Da diverso tempo si mormora di questa rivoluzione del servizio di consegne, ma da fine novembre le cose sembrano muoversi, complice la diffusione in rete di un video promozionale e di numerosi progetti del sistema.
Sembra che ormai siano pochi i nodi da districare prima di riuscire a far decollare (il gioco di parole è d’obbligo) il progetto, e a detta del portavoce della società, non dovrebbe mancare troppo tempo a vedere velivoli consegnare i pacchi direttamente atterrando nel cortile del cliente.
Perché è proprio così che funzionerà il servizio “Amazon Prime Air”, recapitando i pacchi tramite apparecchi comandati in remoto dotati di GPS, i quali riconosceranno l’area adibita all’atterraggio, preventivamente individuata dall’acquirente e contrassegnata con un apposito stampino.
Confermato quindi lo spazio designato e la possibilità di atterraggio, il drone si abbasserà e sgancerà letteralmente il pacco, per poi tornare alla propria base operativa.
Va da sé che se questo servizio prenderà piede sarà un altro passo nel futuro dell’e-commerce, vista la possibilità di vedersi recapitare la merce ordinata in un lasso di tempo rientrante nell’ordine di poche decine di minuti.

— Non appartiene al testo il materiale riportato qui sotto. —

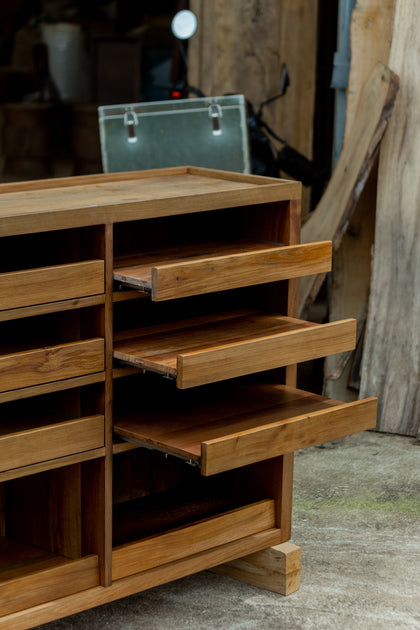 Solace Bay Cabinet — interior view 08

Quasi meno del tempo che si impiega ad acquistare lo stesso articolo recandosi personalmente in un negozio.
Certo, i problemi da superare sono ancora molti, principalmente di natura burocratica: prima di poter far volare i droni su spazio aereo pubblico, Amazon dovrà ottenere il permesso dalla Federal Aviation Administration.
Durante una convention che si è svolta all’Ames Research Center della Nasa, il Vicepresidente dell’azienda i ha già presentato un documento per disciplinare il volo dei fattorini robotizzati, in cui si descrive una fascia tra i 200 e i 400 piedi di altezza (cioè tra i 61 e i 122 metri) ad uso esclusivo dei droni autonomi e capaci di viaggiare almeno alla velocità di 60 nodi (circa 111 chilometri orari).
In pratica, si tratterebbe di una corsia preferenziale per i robot più sofisticati dotati di sistema GPS, collegamento Internet, sensori antiscontro e un piano di volo prestabilito per arrivare a destinazione con la massima sicurezza.
La proposta prevede anche una No Fly Zone tra i 400 e i 500 piedi (da 122 a 152 metri), che faccia da cuscinetto con lo spazio aereo utilizzato dai velivoli tradizionali.
A questo punto il progetto non dovrebbe essere troppo lontano dalla fase di lancio, e anche se per il momento è prevista una copertura solamente sul suolo americano, chissà che non passi troppo tempo dal veder svolazzare i nuovi corrieri robotici anche sopra le nostre teste.